Il 21 Novembre 1969, esattamente cinquant’anni fa, l’umanità assisteva ad un avvenimento che avrebbe segnato un’epoca, contribuendo nella maniera più significativa di sempre ad azzerare gli spazi e i tempi che intercorrono del mondo: in questo esatto giorno di mezzo secolo fa, la rete di dati denominata ARPANET attivava il suo primo collegamento fisso, stabilendo una connessione duratura tra i computer situati rispettivamente all’Università di Los Angeles e allo Stanford Research Institute.
Espressione acronimica di “Advanced Research Projects Agency NETwork” (in italiano “Rete dell’Agenzia per i Progetti di Ricerca Avanzati”), ARPANET fu il padre dell’odierno migliore amico dell’uomo: quello che successivamente si sarebbe chiamato Internet. Questa rete di computer, frutto degli studi e dell’ingegno dell’agenzia del Dipartimento della Difesa degli Stati Uniti responsabile per lo sviluppo (DARPA), era stato inizialmente pensato – come è facile immaginare – per scopi militari.
Ma le potenzialità di questo sistema erano troppo grandi per pensare di contenerle all’interno di un settore così limitato ed esclusivo, e ben presto l’intera umanità se ne accorse, la rete venne progressivamente implementata in ogni continente e alla soglia del nuovo millennio sempre più persone, dagli studiosi per arrivare ai privati cittadini, aprirono questa nuova porta, che mai più sarebbe stata richiusa.
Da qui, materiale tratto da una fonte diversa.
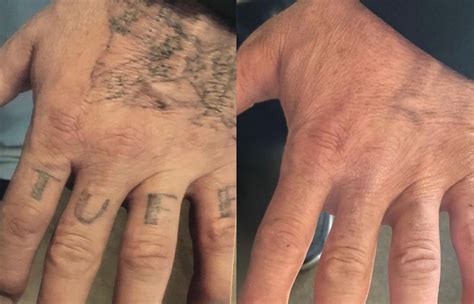 Tattoo removal experts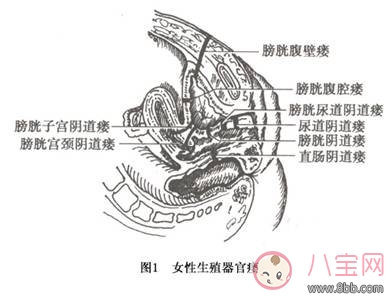 女性尿瘘是什么病引起尿瘘的主要原因 尿瘘有什么症状尿瘘手术有效吗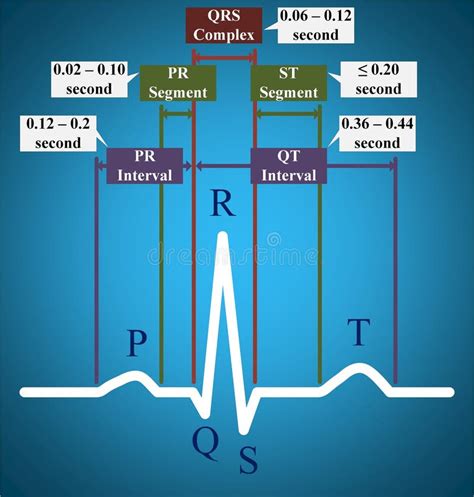 ECG or Electrocardiogram Showing Normal Time Duration Stock Illustration - Illustration of ...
Ed ora che questo impensabile sistema di comunicazione e mastodontico flusso di dati giunge alla veneranda età di cinquant’anni, viene da domandarsi: continuiamo ad utilizzarlo così come era stato inizialmente pensato, ossia per azzerare i confini e le distanze, aprirsi al mondo, condividere conoscenza, oppure siamo sempre più indirizzati verso un moderno innalzamento di nuove barriere invisibili, che vanno ben oltre il discorso social network?